◆ What you need to do ◆
Reproduce exactly the span of lines beginning at the one with "Rose Flower Design" and ending at the last line of the data below, omitting pictures.

◆ Supplied data ◆
>>>
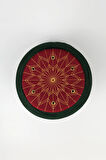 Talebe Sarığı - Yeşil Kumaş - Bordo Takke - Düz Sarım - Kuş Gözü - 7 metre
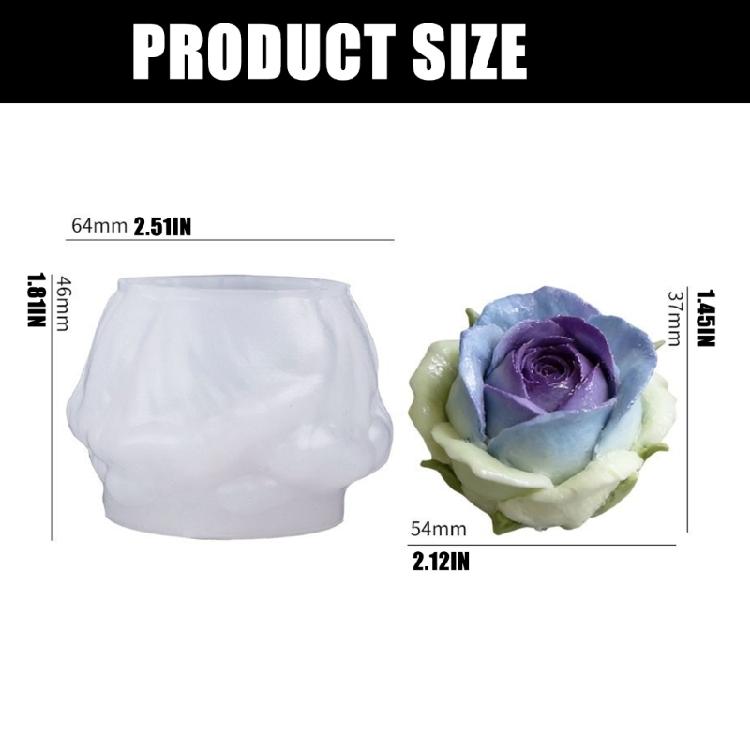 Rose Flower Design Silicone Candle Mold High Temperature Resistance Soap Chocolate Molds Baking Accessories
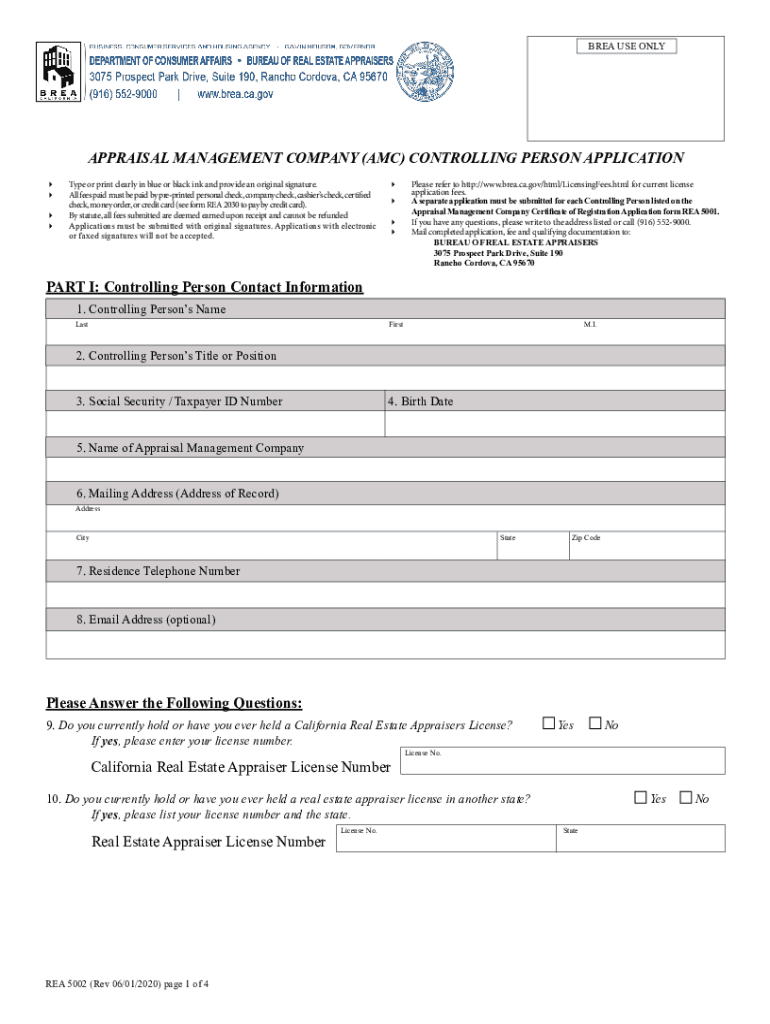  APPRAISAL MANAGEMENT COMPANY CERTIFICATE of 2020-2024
<<<
◆ Task output ◆
 Rose Flower Design Silicone Candle Mold High Temperature Resistance Soap Chocolate Molds Baking Accessories
  APPRAISAL MANAGEMENT COMPANY CERTIFICATE of 2020-2024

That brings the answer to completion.